In this meeting with one of Mongolia’s experts on nuclear issues, Ambassador J. Enkhsaikhan will talk about his country’s practical experience of promoting a novel concept of single-State NWFZ, its challenges, why it is important not only for Mongolia but also for many other small states, and how it can contribute to reducing grey areas and blind spots in the emerging nuclear-weapon-free world.

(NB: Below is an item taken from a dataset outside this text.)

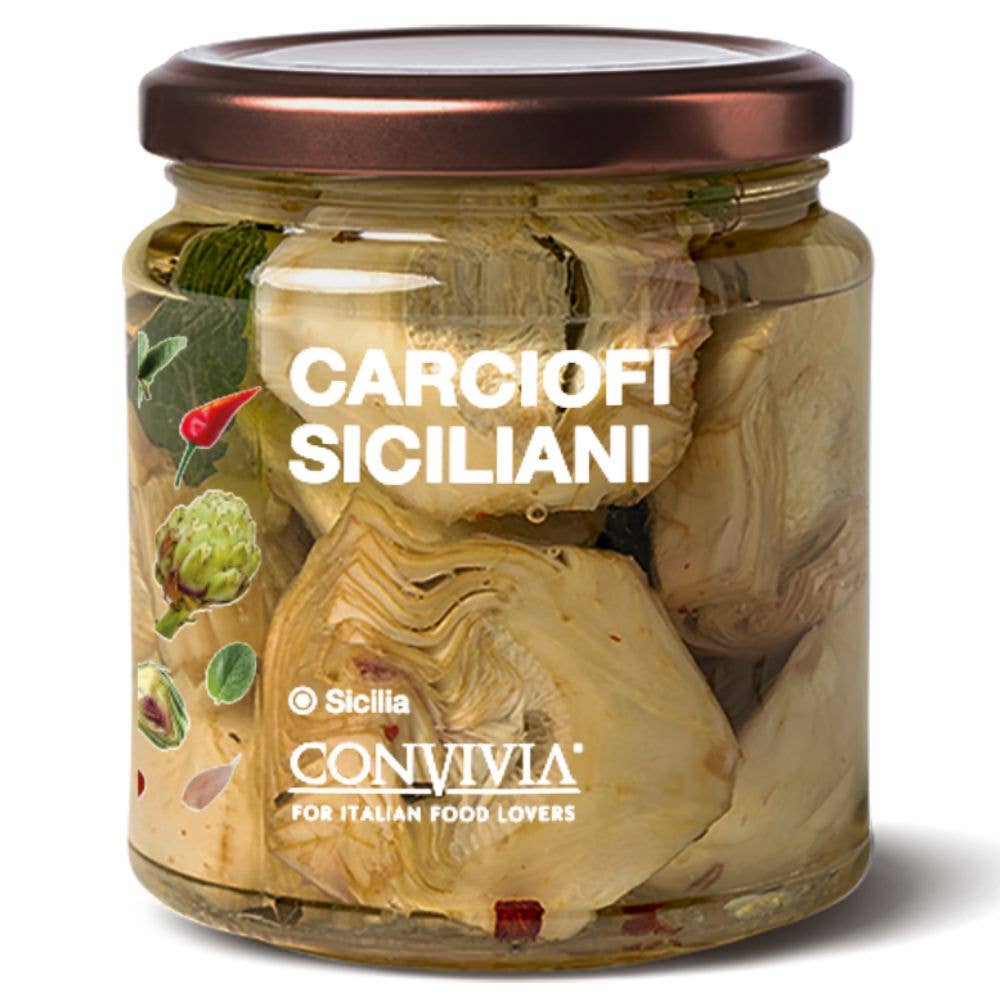 Carciofi di Niscemi sott'olio 280g CONVIVIA for italian food lovers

As of today, dozens of states are not parties to political or military alliances nor to regional NWFZs. Some of them for geographical or valid political reasons cannot be part of such zones, where the logic of strength in numbers applies, that leaves them vulnerable to various pressures to accept, if not nuclear weapons, then parts of nuclear weapons systems and thus making them ‘legitimate’ targets of hostilities. Hence the importance of recognition by the international community of single-State NWFZs and the P5 pledge not to violate them.
Mongolia, land of Genghis Khan, sandwiched between the nuclear weapon states Russia and China, has been promoting its own distinctive non-aligned policy toward great power rivalries. Its approach to nuclear security issues shows not only the challenges that small, non-nuclear states face when dealing with nuclear-weapons related issues but also how they can contribute to regional peace and stability by leveraging whatever comparative advantage they may have. In the case of Mongolia, the P5, in 2012, have signed a joint declaration pledging that they would respect its unique status and would not contribute to any act that would violate it. The logical question arises that if a small non-aligned state can contribute to promoting confidence and predictability, then larger states—especially influential allies that have the ear of nuclear-weapon states—can contribute even more to reducing the common threat.